Did the OP ever answer the question about the child's attention span?
post #22 of 71

Used to have limits as to the times my daughters could watch TV, they had bed times too, used to have battles,  decent and resistance, now we do not have rules and as the  the girls do not go to school bed times are unimportant. At the moment we are in France, as the girls can not understand French the TV is not watched much.

post #23 of 71
Quote:
Originally Posted by pek64 View Post

I preferred to have my son looking for me or some other real person rather than becoming dependent on two dimensional characters for company. But that's just me.
Oh don't worry about my poor neglected child who has only the TV for company, lol. It doesn't stop him from looking for me in the least. He talks to me or dh all day long and still sleeps plastered against me all night long. My son redefines the term "high need."

I rejoiced when he was 3 and started watching TV a little bit. It was the first time in three years I didn't have to walk around the house carrying a fussing child for an entire hour every time he woke up from sleep, nighttime and naps, all of which took place in my arms. Finally I could use the toilet peacefully and make coffee!
post #24 of 71
Quote:
Originally Posted by 4evermom View Post

 I was all "Oh, he'll fall asleep if he gets tired" and "He'll eat when he gets hungry." But he didn't get that memo.

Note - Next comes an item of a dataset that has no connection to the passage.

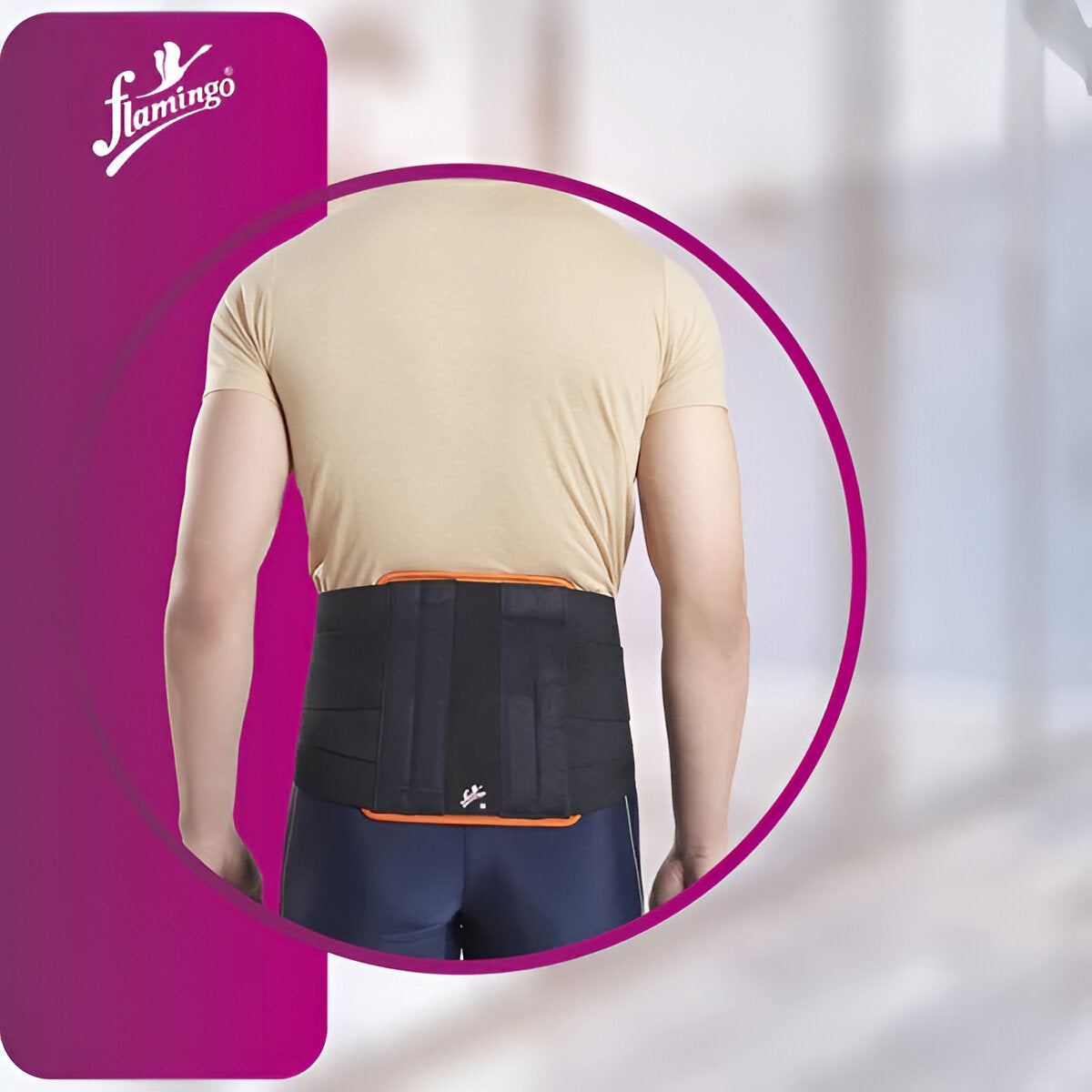 CONTOURED L S BELT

We've been on other threads together about this, so you'll know that my experience with dd1 was exactly the same.  I hadn't realized we were supposed to get any memo.  No wonder!

post #25 of 71
I probably shouldn't even post this spring. Spring is usually hectic, and this year is worse! Unfortunately I miss having the distraction and steal a few minutes here and there replying, but lack the time to practice diplomacy. My apologies.
post #26 of 71

My son comes by it honestly. His father has a hard time getting to bed. When he doesn't have a morning commitment, he'll stay up til morning. His schedule quickly turns into waking up at 3pm and going to sleep at 6am, completely nocturnal. I blamed my MIL for dh's sleep issues and blamed his being a little deaf for his being incredibly easy to startle. Until I had ds. Now I know it's just how they came. Ds would startle while he was sleeping if I turned the page of a book as quietly as I could. He would startle, as an infant, if I spoke softly in a quiet room.

 

Another reason music didn't work for us as background noise (because I actually gave that a serious try) was because ds was always very selective about music. He has always found jazz to be grating, for instance. He has always hated children's songs. I couldn't just turn on the classical music station because the announcer would come on and ds would jump a mile high. News radio worked the best because it was a nice drone of human voices, except I didn't want him listening to a constant stream of news, never knowing what horrible item they might announce next. I'd hope traffic or weather would be on so I could turn on the radio for him while I dashed to the bathroom, so he wouldn't insist on getting out of bed to come with me. I didn't have a modern gadget for designing playlists. He liked some songs on an album but not others so I'd have to fix something every 3 minutes because that's how long a typical song is. I didn't have time to make a tape cassette of acceptable-to-ds songs because he wanted me to interact with him at all times, not do something for him that wasn't interacting with him. There was no "while he slept" time. There was no "child free" time unless I was running errands.

post #27 of 71

Cross posted with you, pek64, because I got up umpteen times to help ds with things:-)

 

It's very difficult to get an accurate understanding of other people's lives in these internet discussions under any circumstances...

post #28 of 71

Also, the idea of ds being dependent on tv characters was really funny:-) My son is such a reality based kid, never into fantasy or make believe. He would think you were completely insane for suggesting that. He doesn't get sucked into tv or focused on it. He is usually using the computer which he vastly prefers because it is interactive. He turns off the tv if kids come over because he can't talk to them while it's on. They won't play with him because they "just sit and stare," as ds puts it.

 

And I always always knew what ds was watching. I changed the channel or put on a dvd if I didn't think what was on was appropriate. He rarely wanted to watch anything I really minded him seeing (Family Guy, I hate that show.) It's just since he turned 10, almost two years ago, that I started working part time outside the home and have been out of hearing range of what he has on. And dh is there during those times.

post #29 of 71
Quote:
Originally Posted by DuckDuckDuck View Post

Used to have limits as to the times my daughters could watch TV, they had bed times too, used to have battles,  decent and resistance, now we do not have rules and as the  the girls do not go to school bed times are unimportant. 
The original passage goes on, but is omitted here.